**Entries provided**

Segment Open

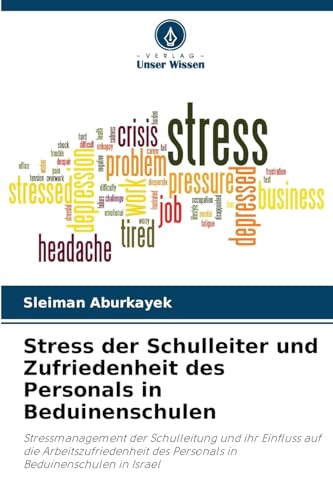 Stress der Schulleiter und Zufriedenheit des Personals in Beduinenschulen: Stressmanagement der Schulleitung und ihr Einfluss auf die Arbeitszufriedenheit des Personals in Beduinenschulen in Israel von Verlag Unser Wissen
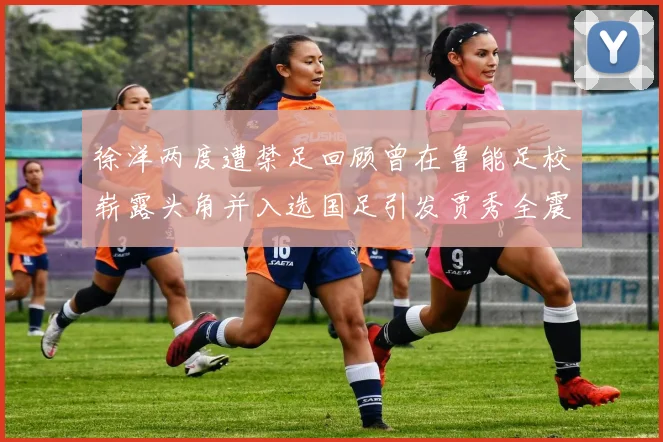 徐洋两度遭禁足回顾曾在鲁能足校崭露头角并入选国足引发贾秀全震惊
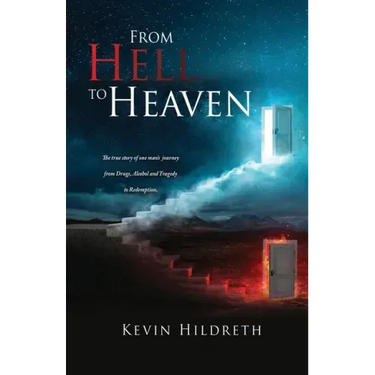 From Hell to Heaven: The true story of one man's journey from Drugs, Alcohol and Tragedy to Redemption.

Segment Closed
Segment Open

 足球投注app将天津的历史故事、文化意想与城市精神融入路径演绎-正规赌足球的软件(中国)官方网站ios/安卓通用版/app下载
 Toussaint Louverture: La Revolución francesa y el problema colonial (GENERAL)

Segment Closed
Segment Open

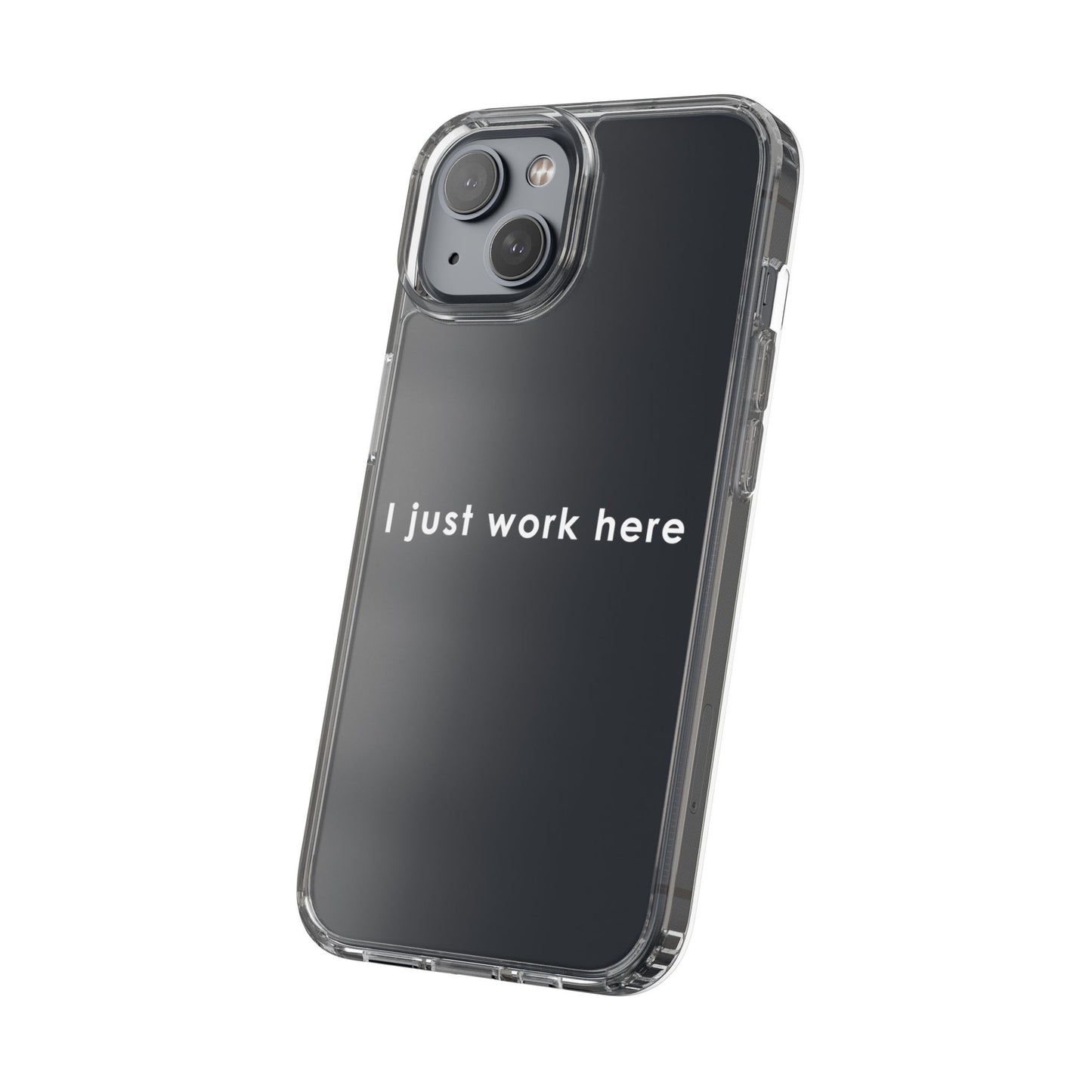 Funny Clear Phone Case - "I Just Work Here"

Segment Closed

What you write out is the stretch of entries from the line containing "Stress der Schulleiter" to the line containing "From Hell to", word for word, with both end lines and no pictures.

 Stress der Schulleiter und Zufriedenheit des Personals in Beduinenschulen: Stressmanagement der Schulleitung und ihr Einfluss auf die Arbeitszufriedenheit des Personals in Beduinenschulen in Israel von Verlag Unser Wissen
 徐洋两度遭禁足回顾曾在鲁能足校崭露头角并入选国足引发贾秀全震惊
 From Hell to Heaven: The true story of one man's journey from Drugs, Alcohol and Tragedy to Redemption.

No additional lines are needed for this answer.